The workers arrived on Friday night. Some 56 of them will remain in Tasmania to take up farm and agribusiness roles after their quarantine ends, while the rest will head to work in Victoria.
More are set to arrive in Tasmania shortly, with up to 1500 allowed under an agreement brokered with the Victorian government in January.
Under the deal Tasmania will quarantine workers from the Pacific Islands over the first half of 2021 but Victoria and the agriculture industry will foot the bill.
In return, the Victorian government will take on Tasmania’s commitment towards repatriating overseas Australians.
Agriculture Minister Mary-Anne Thomas said it was a great example of what can be achieved when states work together.
“Bringing these workers into Victoria under the Pacific Mobility Schemes will ease some pressure for farmers – but it’s not a silver bullet,” she said in a statement on Saturday.
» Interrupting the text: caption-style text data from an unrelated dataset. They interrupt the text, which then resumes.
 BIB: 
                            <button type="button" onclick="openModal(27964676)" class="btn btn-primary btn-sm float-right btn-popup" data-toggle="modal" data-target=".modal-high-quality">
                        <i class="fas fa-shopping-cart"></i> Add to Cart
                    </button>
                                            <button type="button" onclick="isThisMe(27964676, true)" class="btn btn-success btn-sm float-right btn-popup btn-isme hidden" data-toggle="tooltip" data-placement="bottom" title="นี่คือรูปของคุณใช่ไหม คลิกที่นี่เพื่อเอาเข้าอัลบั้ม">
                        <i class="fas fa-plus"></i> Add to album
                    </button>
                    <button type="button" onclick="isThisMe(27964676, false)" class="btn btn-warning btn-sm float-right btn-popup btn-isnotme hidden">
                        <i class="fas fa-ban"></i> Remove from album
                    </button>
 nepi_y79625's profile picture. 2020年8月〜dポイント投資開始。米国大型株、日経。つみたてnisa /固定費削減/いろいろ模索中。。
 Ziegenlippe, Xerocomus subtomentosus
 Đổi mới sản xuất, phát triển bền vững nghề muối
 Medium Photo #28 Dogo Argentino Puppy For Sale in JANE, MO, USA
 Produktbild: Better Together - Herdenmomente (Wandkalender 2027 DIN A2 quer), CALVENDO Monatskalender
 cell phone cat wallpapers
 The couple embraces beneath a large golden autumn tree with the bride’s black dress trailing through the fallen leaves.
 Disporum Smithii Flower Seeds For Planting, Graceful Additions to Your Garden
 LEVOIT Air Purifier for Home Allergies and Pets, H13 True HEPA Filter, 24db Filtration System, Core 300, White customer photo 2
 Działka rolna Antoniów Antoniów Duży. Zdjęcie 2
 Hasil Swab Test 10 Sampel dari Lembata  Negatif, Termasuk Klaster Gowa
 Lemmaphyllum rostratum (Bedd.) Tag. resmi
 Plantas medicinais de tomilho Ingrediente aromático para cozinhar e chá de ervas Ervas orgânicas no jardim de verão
“We need to keep working to encourage locals into these jobs – something that the federal government should play an active role in.”
Another 144 workers will arrive in Tasmania from the Solomon Islands on Tuesday, with 54 to stay and work in Tasmania.
Attracting local workers to address critical labour shortages on farms has been a problem for much of the country.
A federal incentive program that pays $ 6000 relocation bonuses to local workers who take up picking jobs failed to attract enough interest.
Elsewhere in Australia, about 1200 South Pacific fruit pickers were expected help fill labour shortages in South Australia, while more than 800 Pacific Island workers were approved to enter NSW.